NEW YORK: Media companies including Gannett, ESPN and the Washington Post are seeking to respond to rapidly-evolving consumer habits by leveraging mobile websites and apps.

Gannett's various online platforms currently attract 57.6m visitors a month. The firm's mobile reach is also expanding, with USA Today's app having been downloaded 16.1m times, while traffic to the title's mobile site has leapt by 79% in the last year.

"Mobile isn't the web on a smaller screen," Matt de Ganon, Gannett Digital's vp, mobile product and operations, told DigiDay. "It presents an opportunity to address a user in multiple ways, depending on the context in which they're using a device. This holds true for advertising and advertisers, as well.

"Our job, frankly, is to be smarter than we have been about how we design, publish to and develop apps, and how we talk to and present mobile utility to our users."

Meanwhile ESPN, the sports network, believes it is a category leader terms of mobile website visitors, and recently rolled out a College Football app for both iPhones and Android-powered devices.

"The biggest challenge we face in mobile remains ubiquity," said Michael Bayle, svp and general manager of ESPN Mobile. "We want to build native experiences for our core pillars of content.

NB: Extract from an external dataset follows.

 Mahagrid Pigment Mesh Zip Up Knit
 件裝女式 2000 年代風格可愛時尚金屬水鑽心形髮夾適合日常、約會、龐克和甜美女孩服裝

"Developing apps across iOS, Android, Windows and RIM has the largest impact on our resources, and it's something we are constantly evaluating on how to improve in order to get to a point of simultaneous launches."

For its part, the Washington Post boasts apps for its main paper and the WP Politics tool for the iPad, as well as more niche offerings, covering areas like going out, exploring and using the metro in the city.

"A big challenge in mobile is differentiation – building distinct user experiences for each, individual mobile platform that are informative and engaging," said Beth Jacobs, its general manager of mobile.

"Whether we are producing browser-based mobile experiences or client apps, we are focused on presenting news content in a more visual, consumable format."

Federated Media, an online publisher specialising in technology, business and living, is also attempting to solve the widespread problem of creating suitably nuanced advertising solutions and delivery systems.

"Many wrestle with the advantages of a mobile-optimised presentation layer because of the tradeoff with more limited monetisation options in the still nascent world of mobile advertisements and targeting," Walter Knapp, evp of platform revenue and operations, Federated Media Publishing, said.